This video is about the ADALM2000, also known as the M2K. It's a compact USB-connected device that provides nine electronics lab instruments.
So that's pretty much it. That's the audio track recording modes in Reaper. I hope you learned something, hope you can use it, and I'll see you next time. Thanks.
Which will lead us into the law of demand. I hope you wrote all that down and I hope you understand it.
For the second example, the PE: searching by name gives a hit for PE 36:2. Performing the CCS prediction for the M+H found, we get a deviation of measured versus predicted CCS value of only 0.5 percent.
* * *
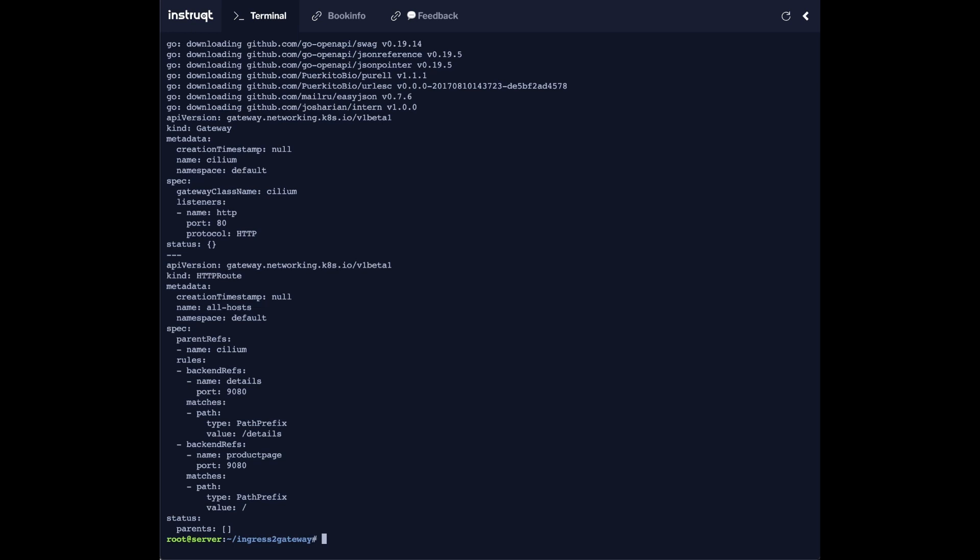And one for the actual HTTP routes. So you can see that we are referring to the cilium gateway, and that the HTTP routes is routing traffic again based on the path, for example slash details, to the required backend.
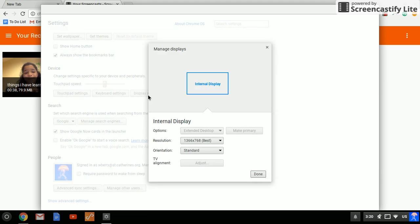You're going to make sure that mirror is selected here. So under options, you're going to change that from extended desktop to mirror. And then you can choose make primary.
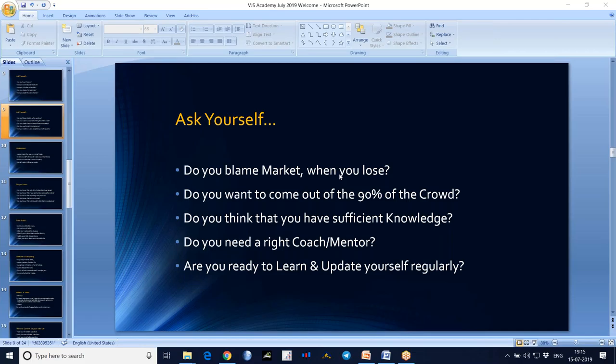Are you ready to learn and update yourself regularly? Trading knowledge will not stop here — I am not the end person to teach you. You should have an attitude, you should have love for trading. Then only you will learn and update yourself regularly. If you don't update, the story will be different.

**Your instructions:** Start with the line above that contains "Which will lead" and end with the line that contains "For the second". Write out those lines exactly, and only those.

**Task solution:**
Which will lead us into the law of demand. I hope you wrote all that down and I hope you understand it.
For the second example, the PE: searching by name gives a hit for PE 36:2. Performing the CCS prediction for the M+H found, we get a deviation of measured versus predicted CCS value of only 0.5 percent.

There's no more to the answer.